Mais le plan de relance passe aussi par la reconquête des marchés de l'industrie - toujours 45 % du chiffre d'affaires du groupe. Des secteurs clients tels que la verrerie de flaconnage ou les convoyeurs pour fours se sont déplacés vers l'Est. « Nous avons aussi été pénalisés par nos prix parfois trop élevés », reconnaît Michel Petel, le directeur de la distribution spécialisée. Certains clients ont constitué des stocks de sécurité au moment du dépôt de bilan de l'été 2004. Cela se traduit aujourd'hui par un carnet de commandes insuffisant en toiles métalliques, estimé à six semaines.

Reconquérir des marchés

Aujourd'hui, Dominique Vignon estime que le groupe peut « viser dans l'industrie le même taux de croissance que dans le bâtiment ». Selon lui, le site roumain à bas coût de Chisoda près de Timisoara « a les moyens d'attaquer ces marchés dans les pays de l'Est ». Recapitalisé à hauteur 10 millions d'euros, Gantois songerait même à s'offrir des acquisitions, notamment à l'Est.
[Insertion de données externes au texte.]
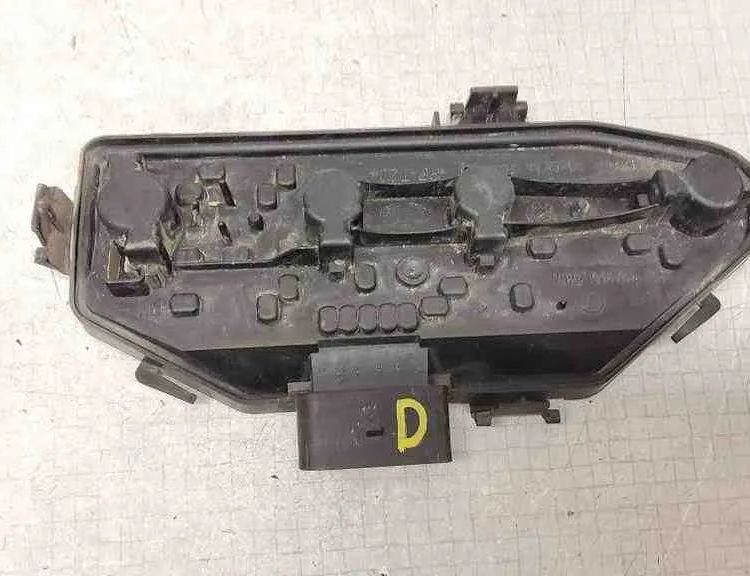 VOLKSWAGEN Transporter T5 (2003-2015) Фонарь задний правый 15799601,7H5945258A 32566276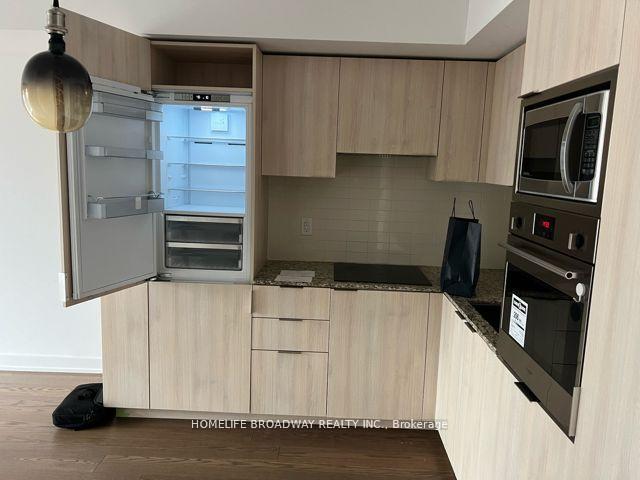 Photo 5 of Unit 1306, 11 Wellesley Street W, Toronto, Bay Street Corridor — HOMEH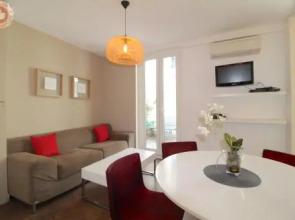 Cannes Croisette ALC 48 J. Jaurès 2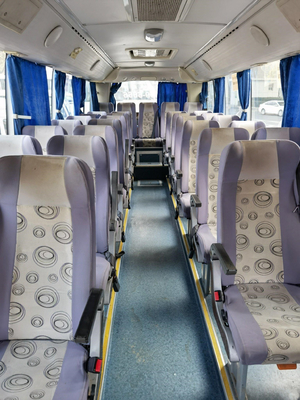 Yutong de luxe d'occasion transporte les 24-35 sièges publics diesel utilisés que la ville transporte l'entraîneur utilisé par LHD Buses In 2014 ans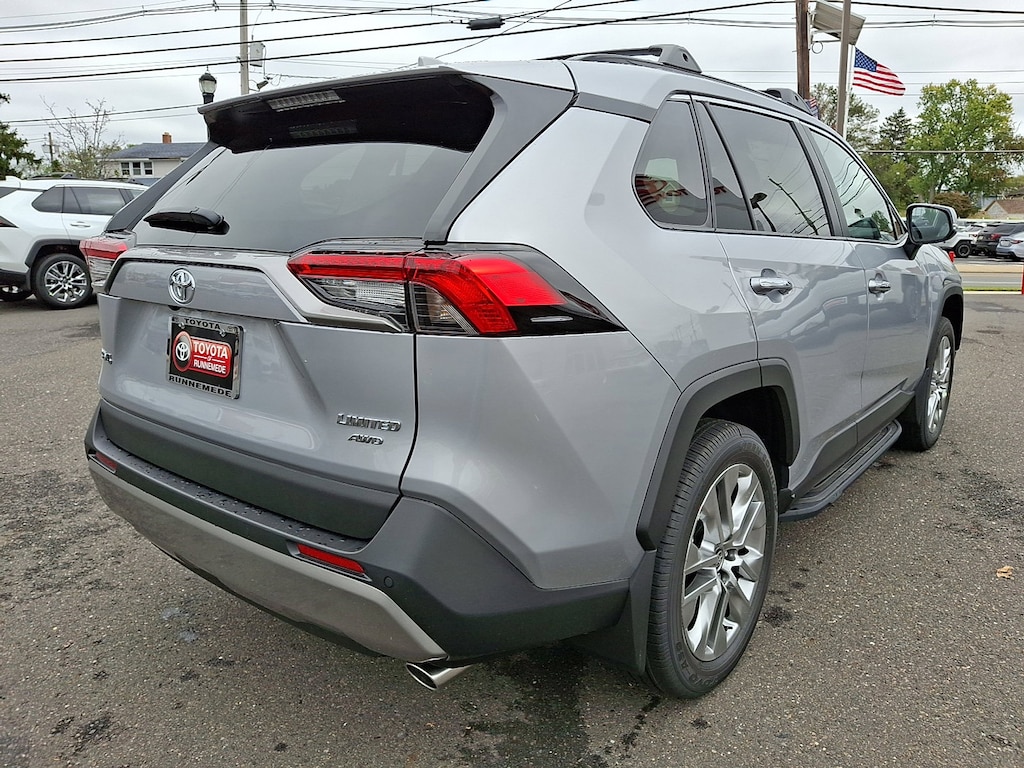 New 2025 Toyota RAV4 Limited LIMITED AWD SUV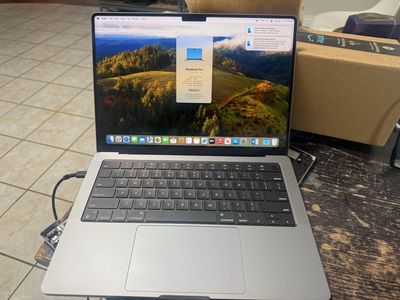 AWESOME DEAL ON MINT 14in M1 macbook pro 16GB 512GB W/WARRANTY
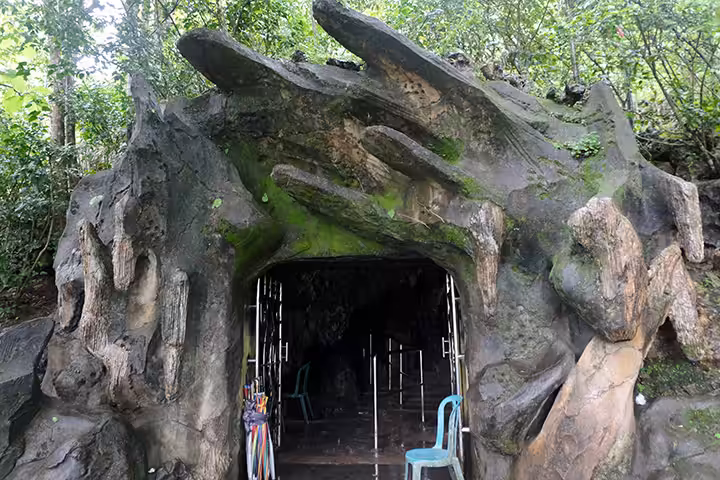 jam buka Goa Gong Pacitan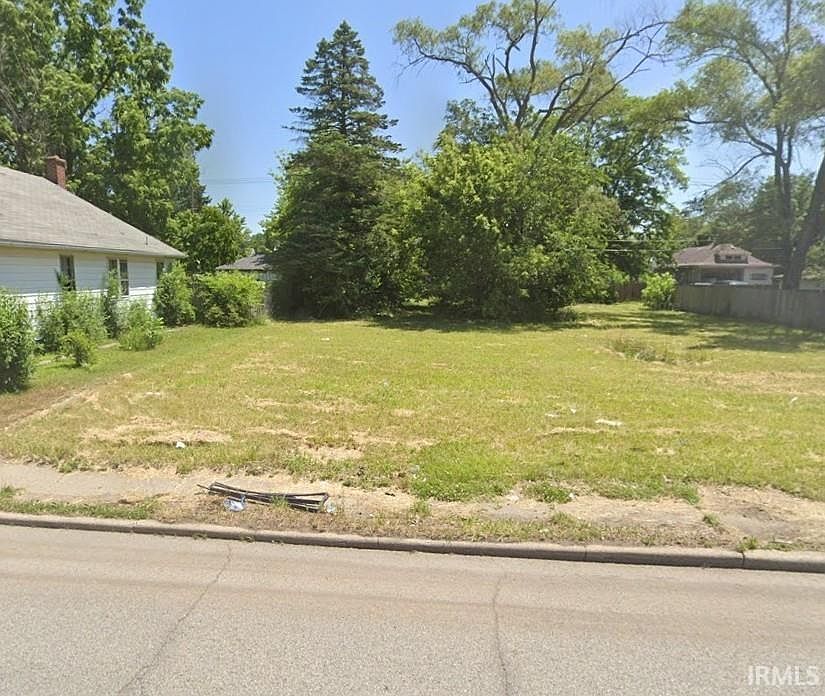 2nd image of 814 N Olive St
A côté de ces marchés de reconquête, le groupe peut toujours s'appuyer sur ses productions de haute technicité. Il fournit de longue date des composants en tissus métalliques haut de gamme pour l'automobile, l'aéronautique et la défense. Ses tissus maillés sur 20 microns atténuent la pollution sonore à l'entrée des réacteurs de l'A380 et ses toiles de blindage font merveille pour masquer l'écho des radars sur les frégates de la Marine. « Gantois sera déficitaire en 2006, mais nous espérons le retour aux bénéfices dès 2007 », souligne Dominique Vignon. Symbole, la cotation du groupe en Bourse a repris vendredi dernier.